Page:Dumas - Le Chevalier de Maison-Rouge, 1853.djvu/102

La bibliothèque libre.
Le texte de cette page a été corrigé et est conforme au fac-similé.
84
LE CHEVALIER DE MAISON-ROUGE.

Maurice l’enveloppa de ses bras, la rapprocha vivement de lui, et, avant qu’elle eût eu le temps de se défendre, il appuya ses lèvres sur l’œil moitié souriant, moitié languissant, qui regardait la caisse ravagée.

Geneviève avait tant de choses à se reprocher, qu’elle fut indulgente. Dixmer revint tard, et, lorsqu’il revint, il trouva Morand, Geneviève et Maurice qui causaient botanique dans le jardin.


CHAPITRE XX

La bouquetière



E nfin, ce fameux jeudi, jour de la garde de Maurice, arriva.

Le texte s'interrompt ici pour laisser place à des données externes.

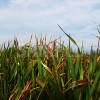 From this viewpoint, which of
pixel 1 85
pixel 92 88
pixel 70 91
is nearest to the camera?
pixel 92 88

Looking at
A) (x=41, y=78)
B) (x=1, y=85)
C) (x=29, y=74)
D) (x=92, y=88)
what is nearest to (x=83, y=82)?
(x=92, y=88)

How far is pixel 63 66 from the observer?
2537mm

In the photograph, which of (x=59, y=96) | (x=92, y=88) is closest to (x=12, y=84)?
(x=59, y=96)

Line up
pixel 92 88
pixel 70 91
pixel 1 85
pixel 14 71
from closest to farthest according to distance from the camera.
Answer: pixel 92 88 → pixel 70 91 → pixel 1 85 → pixel 14 71

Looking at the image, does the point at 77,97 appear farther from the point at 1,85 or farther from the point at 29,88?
the point at 1,85

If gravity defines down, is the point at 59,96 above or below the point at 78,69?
below

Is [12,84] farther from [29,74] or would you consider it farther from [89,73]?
[89,73]

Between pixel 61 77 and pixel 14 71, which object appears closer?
pixel 61 77

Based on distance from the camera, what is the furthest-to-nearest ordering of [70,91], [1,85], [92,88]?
[1,85] → [70,91] → [92,88]

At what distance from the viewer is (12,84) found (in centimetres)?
264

On entrait dans le mois de juin. Le ciel était d’un bleu foncé, et sur cette nappe d’indigo se détachait le blanc mat des maisons neuves. On commençait à pressentir l’arrivée de ce chien terrible que les anciens représentaient altéré d’une soif inextinguible, et qui, au dire des Parisiens de la plèbe, lèche si bien les pavés. Paris était net comme un tapis, et des parfums tombés de l’air, montant des arbres, émanant des fleurs, circulaient et enivraient, comme pour faire oublier un peu aux habitants de la capitale cette vapeur de sang qui fumait sans cesse sur le pavé de ses places.

Maurice devait entrer au Temple à neuf heures ; ses deux collègues étaient Mercevault et Agricola. À huit heures, il était vieille rue Saint-Jacques, en grand costume de citoyen municipal, c’est-à-dire avec une écharpe tricolore serrant sa taille souple et nerveuse ; il était venu, comme d’habitude, à cheval chez Geneviève, et, sur sa route, il avait pu recueillir les éloges et les approbations nullement dissimulées des bonnes patriotes qui le regardaient passer.

Geneviève était déjà prête : elle portait une simple robe de mousseline, une espèce de mante en taffetas léger, un petit bonnet orné de la cocarde tricolore. Dans ce simple appareil elle était d’une éblouissante beauté.

Morand, qui s’était, comme nous l’avons vu, beaucoup fait prier, avait, de peur d’être suspecté d’aristocratie sans doute, pris l’habit de tous les jours, cet habit moitié bourgeois, moitié artisan. Il venait de rentrer seulement, et son visage portait la trace d’une grande fatigue.

Il prétendit avoir travaillé toute la nuit pour achever une besogne pressée.

Dixmer était sorti aussitôt le retour de son ami Morand.

— Eh bien, demanda Geneviève, qu’avez-vous décidé, Maurice, et comment verrons-nous la reine ?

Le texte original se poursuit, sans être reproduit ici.